Extracted records: Begin

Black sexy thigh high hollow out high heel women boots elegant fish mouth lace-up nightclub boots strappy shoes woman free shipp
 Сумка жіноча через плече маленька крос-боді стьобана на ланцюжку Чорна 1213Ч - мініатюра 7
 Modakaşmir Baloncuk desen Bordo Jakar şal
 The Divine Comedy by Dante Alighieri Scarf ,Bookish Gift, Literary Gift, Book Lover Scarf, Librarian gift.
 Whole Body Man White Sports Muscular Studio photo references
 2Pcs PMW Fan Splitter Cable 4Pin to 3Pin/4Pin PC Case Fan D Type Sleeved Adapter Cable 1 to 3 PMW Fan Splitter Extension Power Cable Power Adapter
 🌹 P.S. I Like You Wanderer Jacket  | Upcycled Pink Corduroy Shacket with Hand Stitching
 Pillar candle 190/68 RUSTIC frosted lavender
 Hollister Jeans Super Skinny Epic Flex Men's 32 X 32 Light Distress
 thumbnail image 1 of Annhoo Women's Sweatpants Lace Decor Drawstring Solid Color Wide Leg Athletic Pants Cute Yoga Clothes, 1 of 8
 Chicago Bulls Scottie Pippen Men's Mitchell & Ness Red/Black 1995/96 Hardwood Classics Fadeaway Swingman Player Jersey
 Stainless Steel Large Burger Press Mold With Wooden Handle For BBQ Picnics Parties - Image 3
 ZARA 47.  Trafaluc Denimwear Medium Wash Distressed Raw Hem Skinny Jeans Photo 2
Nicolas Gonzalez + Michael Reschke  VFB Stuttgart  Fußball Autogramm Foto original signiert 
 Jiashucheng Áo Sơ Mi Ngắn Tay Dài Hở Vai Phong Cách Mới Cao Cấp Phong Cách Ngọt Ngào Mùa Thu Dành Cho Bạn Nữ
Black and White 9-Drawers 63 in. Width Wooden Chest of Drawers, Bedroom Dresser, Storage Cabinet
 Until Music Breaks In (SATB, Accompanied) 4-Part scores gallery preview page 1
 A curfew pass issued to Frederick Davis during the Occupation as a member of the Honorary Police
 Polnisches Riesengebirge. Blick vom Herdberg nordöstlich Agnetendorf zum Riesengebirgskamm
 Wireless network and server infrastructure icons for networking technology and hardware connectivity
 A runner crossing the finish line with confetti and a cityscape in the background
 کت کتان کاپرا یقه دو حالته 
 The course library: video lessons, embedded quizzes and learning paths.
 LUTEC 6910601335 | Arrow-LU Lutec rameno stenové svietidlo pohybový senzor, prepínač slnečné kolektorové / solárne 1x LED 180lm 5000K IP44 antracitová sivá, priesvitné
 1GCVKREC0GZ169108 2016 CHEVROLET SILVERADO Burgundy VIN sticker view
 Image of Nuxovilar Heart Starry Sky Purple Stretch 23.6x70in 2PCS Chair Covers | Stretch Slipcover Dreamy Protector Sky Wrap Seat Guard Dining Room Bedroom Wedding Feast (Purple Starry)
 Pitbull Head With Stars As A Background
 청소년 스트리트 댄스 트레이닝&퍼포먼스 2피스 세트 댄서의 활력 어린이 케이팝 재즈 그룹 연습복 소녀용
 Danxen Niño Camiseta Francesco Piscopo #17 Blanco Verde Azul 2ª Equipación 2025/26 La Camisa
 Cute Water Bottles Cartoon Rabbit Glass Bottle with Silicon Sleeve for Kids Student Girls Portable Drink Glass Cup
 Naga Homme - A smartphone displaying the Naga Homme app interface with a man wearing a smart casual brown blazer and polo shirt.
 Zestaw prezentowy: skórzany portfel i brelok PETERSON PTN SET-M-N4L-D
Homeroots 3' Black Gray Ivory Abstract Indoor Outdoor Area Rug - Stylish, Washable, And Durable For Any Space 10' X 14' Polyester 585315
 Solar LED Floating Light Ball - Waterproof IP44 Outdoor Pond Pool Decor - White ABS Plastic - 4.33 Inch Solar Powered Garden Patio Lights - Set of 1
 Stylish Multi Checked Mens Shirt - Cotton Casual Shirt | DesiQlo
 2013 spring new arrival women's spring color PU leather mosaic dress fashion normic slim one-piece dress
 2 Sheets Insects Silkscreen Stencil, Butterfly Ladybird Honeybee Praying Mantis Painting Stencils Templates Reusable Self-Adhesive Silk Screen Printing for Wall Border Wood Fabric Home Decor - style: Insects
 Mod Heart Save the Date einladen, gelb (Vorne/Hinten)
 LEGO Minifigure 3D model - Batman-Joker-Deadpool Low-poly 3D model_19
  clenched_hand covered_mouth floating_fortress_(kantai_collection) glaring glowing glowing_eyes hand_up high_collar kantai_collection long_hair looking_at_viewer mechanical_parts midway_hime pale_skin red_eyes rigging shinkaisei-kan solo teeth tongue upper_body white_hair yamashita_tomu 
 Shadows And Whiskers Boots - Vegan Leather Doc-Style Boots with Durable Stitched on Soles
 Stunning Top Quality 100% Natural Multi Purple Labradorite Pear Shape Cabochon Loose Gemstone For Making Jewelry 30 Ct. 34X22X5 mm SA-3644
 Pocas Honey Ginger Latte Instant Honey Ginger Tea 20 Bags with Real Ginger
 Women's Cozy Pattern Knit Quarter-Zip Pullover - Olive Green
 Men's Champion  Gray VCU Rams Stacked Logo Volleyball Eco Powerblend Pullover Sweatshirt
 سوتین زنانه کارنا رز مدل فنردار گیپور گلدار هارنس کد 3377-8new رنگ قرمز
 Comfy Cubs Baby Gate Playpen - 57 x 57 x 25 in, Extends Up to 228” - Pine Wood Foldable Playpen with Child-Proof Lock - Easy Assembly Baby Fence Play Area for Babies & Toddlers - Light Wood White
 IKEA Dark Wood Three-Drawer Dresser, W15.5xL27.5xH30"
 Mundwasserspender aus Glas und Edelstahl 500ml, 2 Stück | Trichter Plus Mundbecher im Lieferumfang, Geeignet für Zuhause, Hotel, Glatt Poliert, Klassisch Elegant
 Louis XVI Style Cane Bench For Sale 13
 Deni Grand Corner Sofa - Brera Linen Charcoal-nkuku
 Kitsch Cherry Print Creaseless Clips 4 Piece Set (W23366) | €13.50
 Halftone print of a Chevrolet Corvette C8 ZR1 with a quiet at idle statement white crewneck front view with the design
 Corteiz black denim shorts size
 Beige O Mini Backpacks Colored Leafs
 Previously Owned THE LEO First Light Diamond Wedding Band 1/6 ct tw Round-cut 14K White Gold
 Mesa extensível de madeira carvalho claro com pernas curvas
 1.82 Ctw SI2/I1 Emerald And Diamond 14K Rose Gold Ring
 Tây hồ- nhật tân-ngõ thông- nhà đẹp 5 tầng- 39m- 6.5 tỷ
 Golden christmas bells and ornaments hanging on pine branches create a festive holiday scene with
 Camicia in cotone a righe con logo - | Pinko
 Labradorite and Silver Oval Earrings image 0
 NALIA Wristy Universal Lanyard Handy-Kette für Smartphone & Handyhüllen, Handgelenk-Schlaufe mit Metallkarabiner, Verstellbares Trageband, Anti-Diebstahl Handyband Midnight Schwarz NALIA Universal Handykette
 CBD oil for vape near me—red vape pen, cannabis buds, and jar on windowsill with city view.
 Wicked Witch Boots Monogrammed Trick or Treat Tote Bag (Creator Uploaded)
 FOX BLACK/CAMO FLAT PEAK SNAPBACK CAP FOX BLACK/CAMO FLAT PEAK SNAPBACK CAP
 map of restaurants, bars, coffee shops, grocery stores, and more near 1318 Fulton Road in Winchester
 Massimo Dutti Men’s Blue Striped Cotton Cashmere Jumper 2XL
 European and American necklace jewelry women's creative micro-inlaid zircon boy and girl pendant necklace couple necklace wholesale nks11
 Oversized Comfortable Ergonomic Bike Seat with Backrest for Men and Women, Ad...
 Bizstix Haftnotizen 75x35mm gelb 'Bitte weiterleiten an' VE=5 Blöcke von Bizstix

Extracted records: End

Your assignment
The lines to return are those in the entries above that include "Wooden".

Written solution
 Stainless Steel Large Burger Press Mold With Wooden Handle For BBQ Picnics Parties - Image 3
Black and White 9-Drawers 63 in. Width Wooden Chest of Drawers, Bedroom Dresser, Storage Cabinet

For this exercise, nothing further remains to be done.